EXERCISE OBJECTIVE: The listing below holds a line with "Mallas Scrunch de Cintura Alta" and a line with "Portable Toilet Rental". Reproduce those two lines exactly, plus everything between them.

-------- SOURCE MATERIAL

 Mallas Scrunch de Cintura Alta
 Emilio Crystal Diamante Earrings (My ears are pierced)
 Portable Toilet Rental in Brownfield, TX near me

----------------
-------- SOURCE MATERIAL

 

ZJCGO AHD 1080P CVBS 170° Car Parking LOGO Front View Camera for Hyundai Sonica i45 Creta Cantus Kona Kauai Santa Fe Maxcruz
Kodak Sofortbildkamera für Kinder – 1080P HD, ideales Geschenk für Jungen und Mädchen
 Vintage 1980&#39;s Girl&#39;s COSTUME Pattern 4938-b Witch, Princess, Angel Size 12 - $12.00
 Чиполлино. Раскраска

----------------
-------- SOURCE MATERIAL

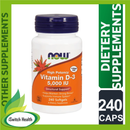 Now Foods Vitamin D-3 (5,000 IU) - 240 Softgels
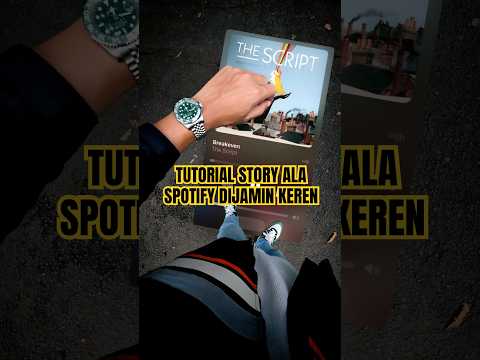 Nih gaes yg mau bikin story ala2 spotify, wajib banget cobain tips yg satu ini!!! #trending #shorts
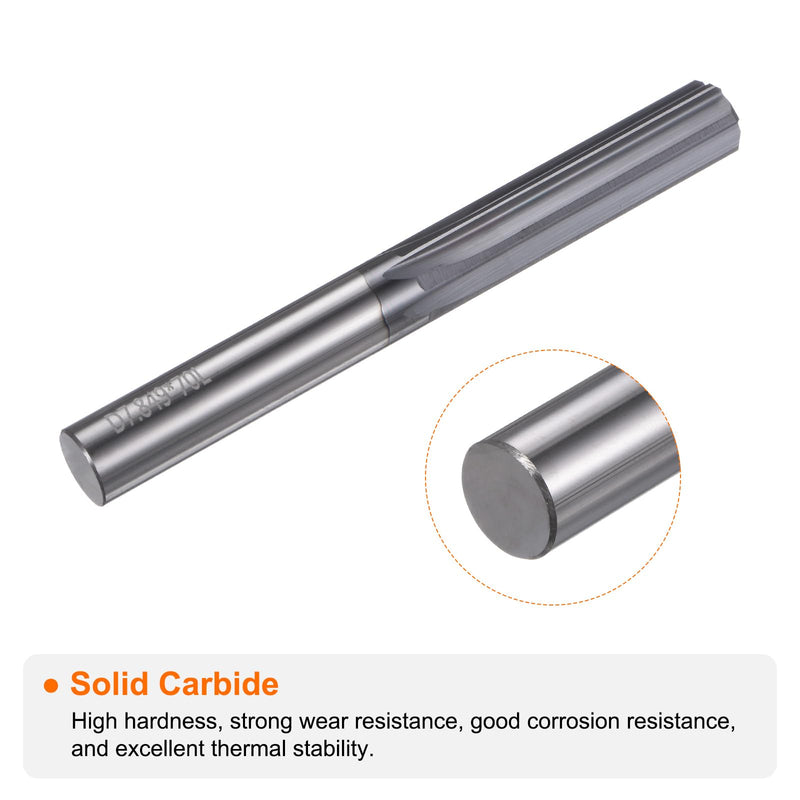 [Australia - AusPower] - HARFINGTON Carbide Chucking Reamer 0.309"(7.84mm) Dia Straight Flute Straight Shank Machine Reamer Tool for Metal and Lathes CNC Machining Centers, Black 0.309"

----------------

WORKED SOLUTION:
 Mallas Scrunch de Cintura Alta
 Emilio Crystal Diamante Earrings (My ears are pierced)
 Portable Toilet Rental in Brownfield, TX near me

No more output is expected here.